Indoor Growing of Peaches, apricots, and nectarines

First, crack the stone a little – just enough to break the sides open slightly. Then plant it in a 4 inch pot of compost, about 1 inch deep. Put the pot in a warm, shady place and keep the compost damp. After some months, a little shoot should appear. Place the pot in a sunny position. Each spring, cut back the branches to a compact shape. A spell outdoors in the sun every summer will help, and so will liquid fertilizer when watering. Re-pot when the plant grows bigger. You may get flowers, but fruit is unlikely.

Avocados for giant plants

An Avocado stone needs to be started off in the dark. It can be grown in compost, but it is easier and more interesting to put it first (small end up) in a narrow glass with water reaching half way up: you will be able to watch the initial root and shoot growth. Foil around the glass will keep light out but won’t exclude air.

Put the glass near a radiator or hot tank and keep the water topped up. If the stone gets slimy, rinse it under the tap and put it back in clean water.
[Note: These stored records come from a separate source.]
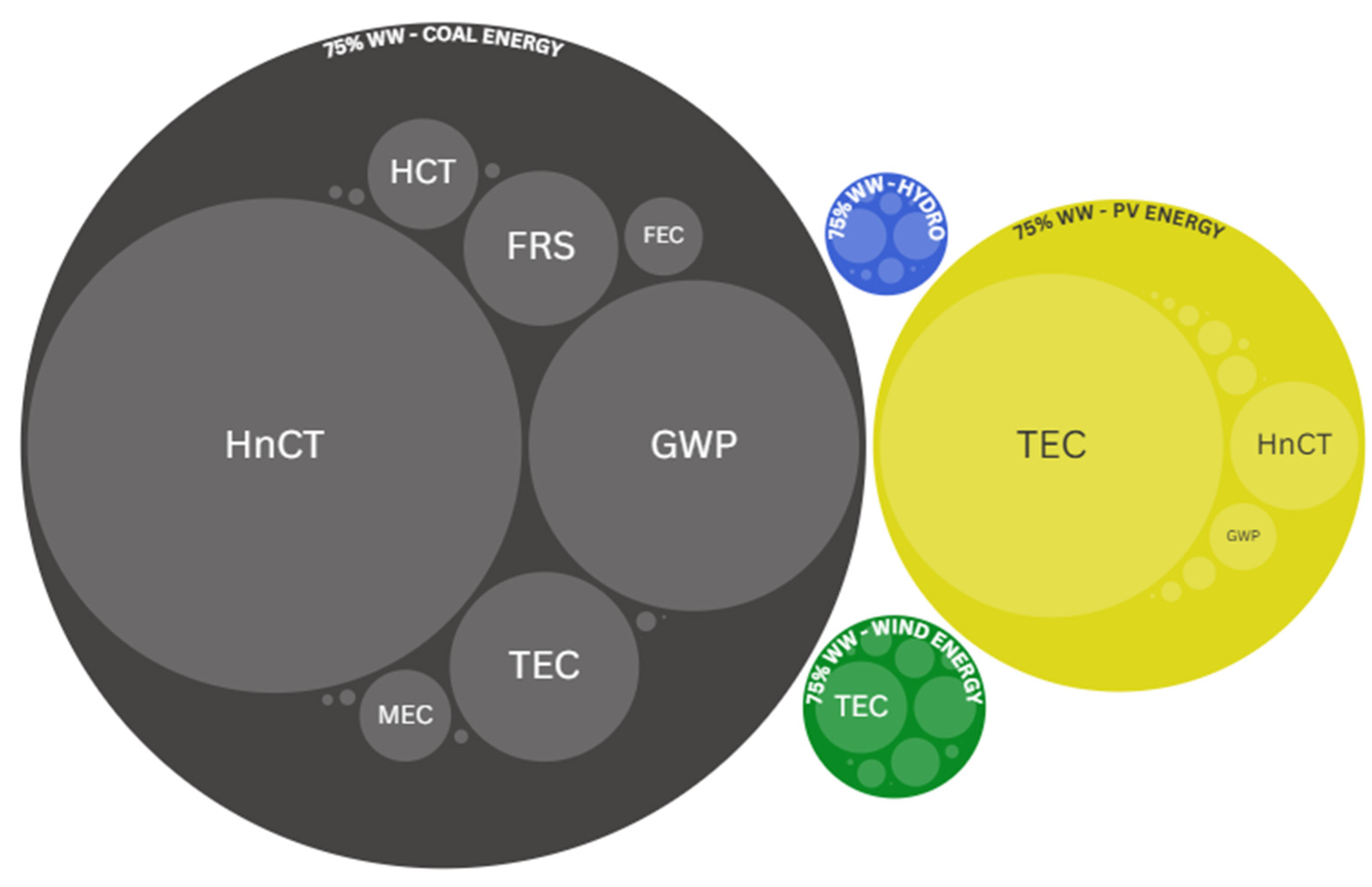 Processes 13 02052 g004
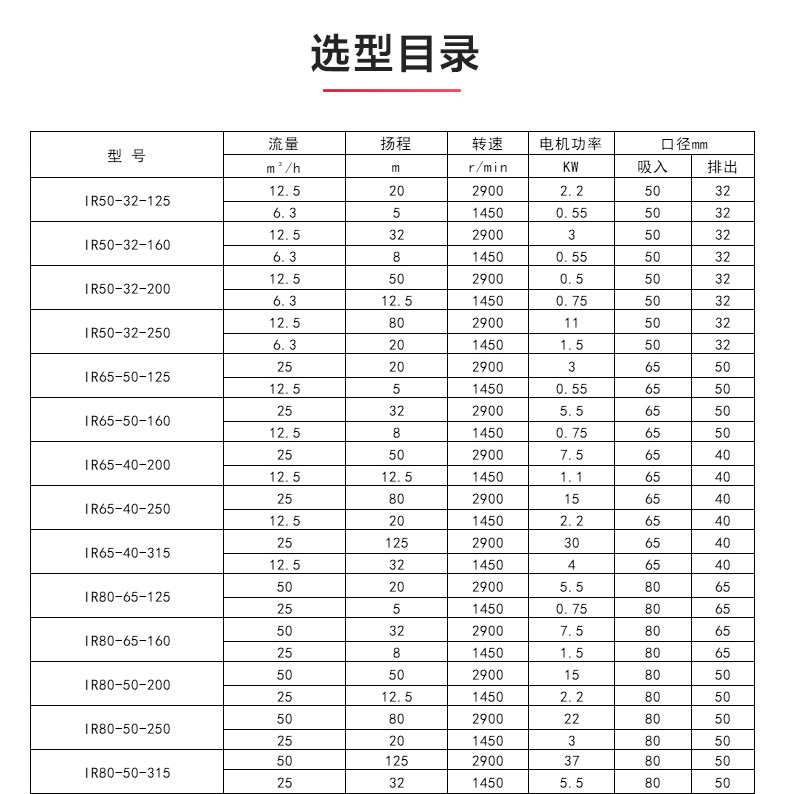 IR型离心星空（中国）_星空正规平台选型目录.jpg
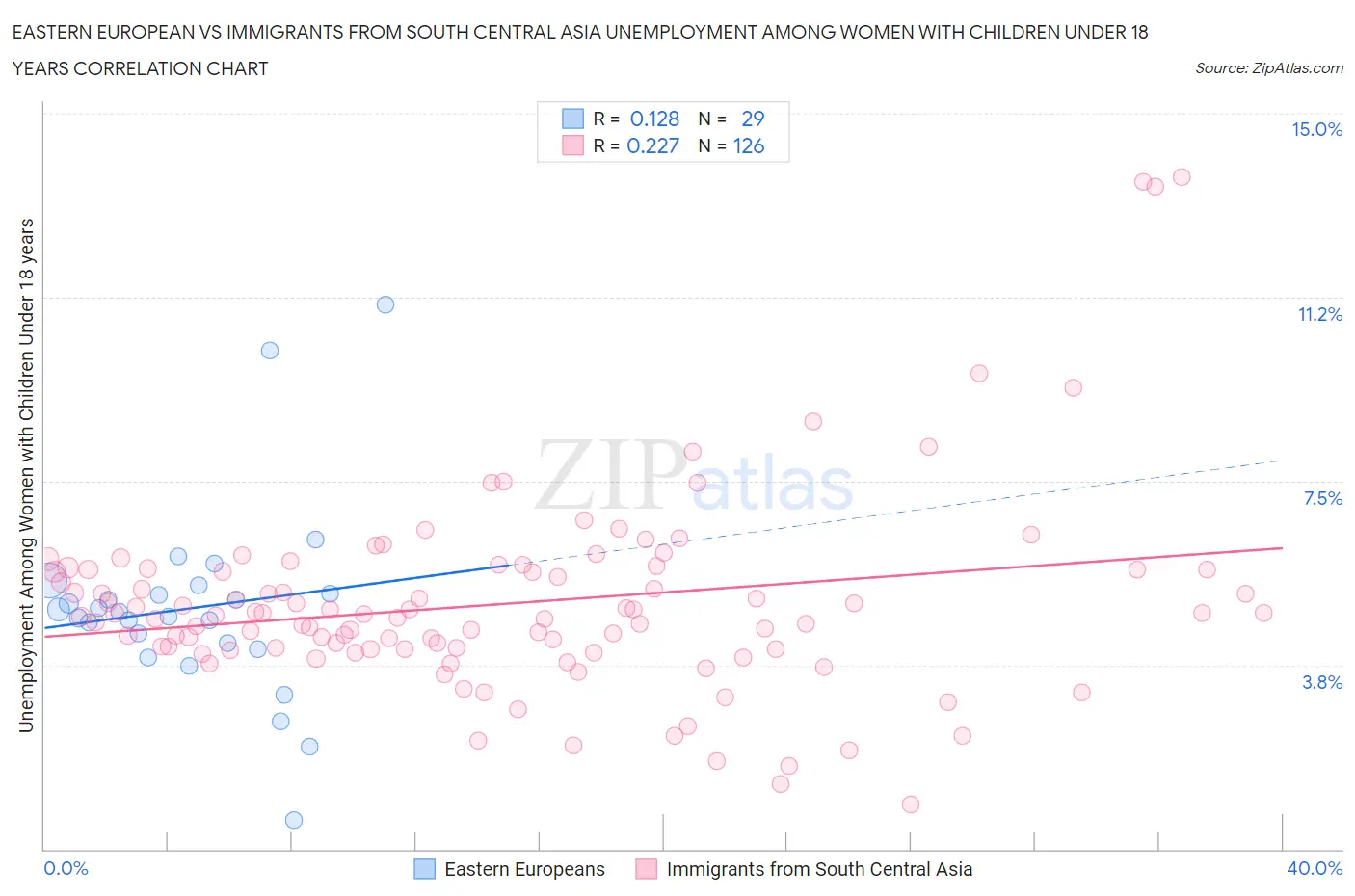Eastern European vs Immigrants from South Central Asia Unemployment Among Women with Children Under 18 years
The stone should start to split within a month or two, and a root and shoot will appear from it. When these are an inch long, the stone should go into a 6 inch pot of compost. Keep it out of strong light until it is 3 inches tall. In years to come it will grow several feet high if it gets enough sunshine and protection from draughts. A stick for support and, in due course, a bigger pot are likely to be needed. Regular watering (with liquid fertilizer added) is necessary.

Trees from citrus pips

The pips of Oranges, Lemons, Grapefruits or (prettiest of all) Tangerines are best planted in spring. Put three pips of one kind in each 3-inch pot of damp compost, about 1 inch down, or plant in fruit skin halves. As with Avocado stones, darkness and warmth are needed, and regular checks on the dampness of the compost. When shoots appear a month or two later, gradually bring the plant nearer full light and when it is 4 inches tall transfer it to a bigger pot of compost. An advantage of growing pips in fruit skins is that the skin too can be planted, thus avoiding any disturbance of the roots: they will grow through the skin. A few months later, there should be the beginnings of a small, glossy-leaved tree which in years to come might even produce flowers and fruit. Care for it like a Peach tree . Citrus pips can be used to grow a forest in a dish. Collect dozens of pips, soak overnight, press down all over damp compost and sprinkle a little more of it on top. Keep damp, adding a little liquid fertilizer to the water, and in a few weeks a glossy-leaved, miniature forest will fill the dish.

Palms from date stones

These are trickier because they come from a very hot climate. Plant several to a pot like citrus pips and put the pot right on a radiator or hot tank, covered with a polythene bag to keep draughts out and moisture in. When shoots appear, use small sticks to prop up the bag so that it does not touch them. When the plants are 3 inches high, you can remove the bag but they must be kept warm and regularly given water containing liquid fertilizer.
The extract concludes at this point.